John was tempted to look at the poll numbers and start reading the latest Politico articles. But he decided that would be a waste. Why get down his groove when he could just sit back, relax, and sip on a Bud Light? Well, besides the last part. He probably shouldn’t get drunk on the day of the election. He didn’t want to become another Huntsman, after all.
The bus started to slow to a crawl. Was it a stoplight? He looked back out at the window and saw some people in #John4Us t-shirts. Ah, it looked like they were finally here at the town hall. He took a few deep breaths and got ready to answer the great people of New Hampshire about all the wonderful stuff they wanted to know about.
Look, people, it’s gonna be a great time in America… See, this is how we can succeed… I hope you’ll go out and vote for me at the polls today… Yes. John knew exactly what to say, and he knew he was going to do well.
He stood up, nodded to the other John once again as he continued to study the charts in front of him, and then stepped off the campaign bus. There were dozens of people cheering for him and he gave one of those wide smiles that he was so famous for.
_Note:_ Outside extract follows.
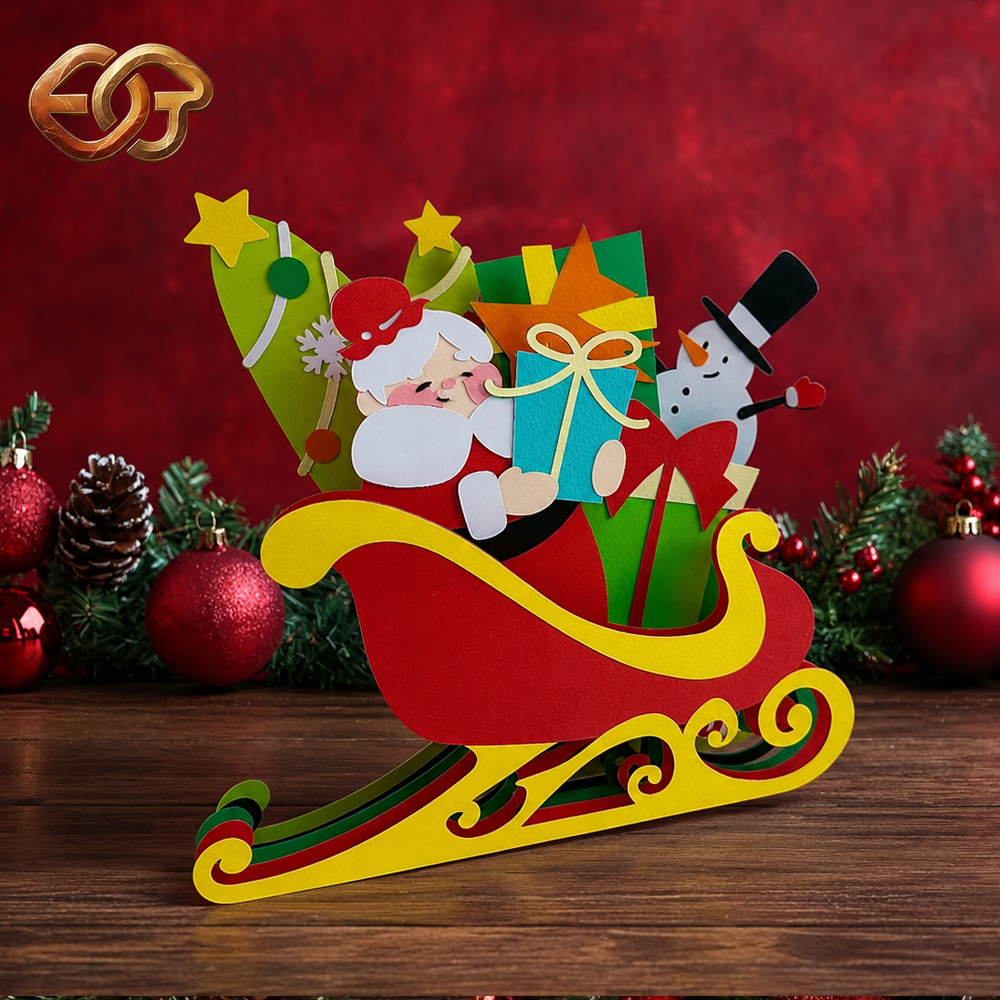 Combo 2 Sleigh Pop-up SVG - 3D Layered Halloween Paper Craft Template for Cricut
The sun was high-up in the sky by now, and it cast a ray of brightness over John’s head as he approached the town hall. He saw Chris Christie sulking off in the distance, peeking out from behind a tree and sticking out his tongue, but he ignored it. Today was a new day in New Hampshire, and one of the most important days of American political history.
The princes (and princesses) of darkness could not stand it when John entered the fray. They attacked, but he parried every time. He was like a tennis player, ready to shoot back the bad mojo with a flick of his wrist, transforming it into a ball of glowing white optimism. It would take a lot more than Super PAC attacks and surrogate surges to break him. A lot more.
The town hall was even warmer than outside, enough to make John take off his teal jacket and throw it to the side. He had to make sure he remembered to pick it up before he left, though. He would have tied it around his waist like his daughters used to always do, but he didn’t want to run with his teal between his legs. He chuckled softly.
A big crowd of people had gathered around the circle where he would soon begin speaking at this town hall meeting. He wasn’t prepared for such enthusiasm, and it caught him off-guard– in a good way, of course.
Well, with his sleeves rolled up and a microphone in his hand, he let the crowd clap for his entrance. He turned the microphone on and began to speak.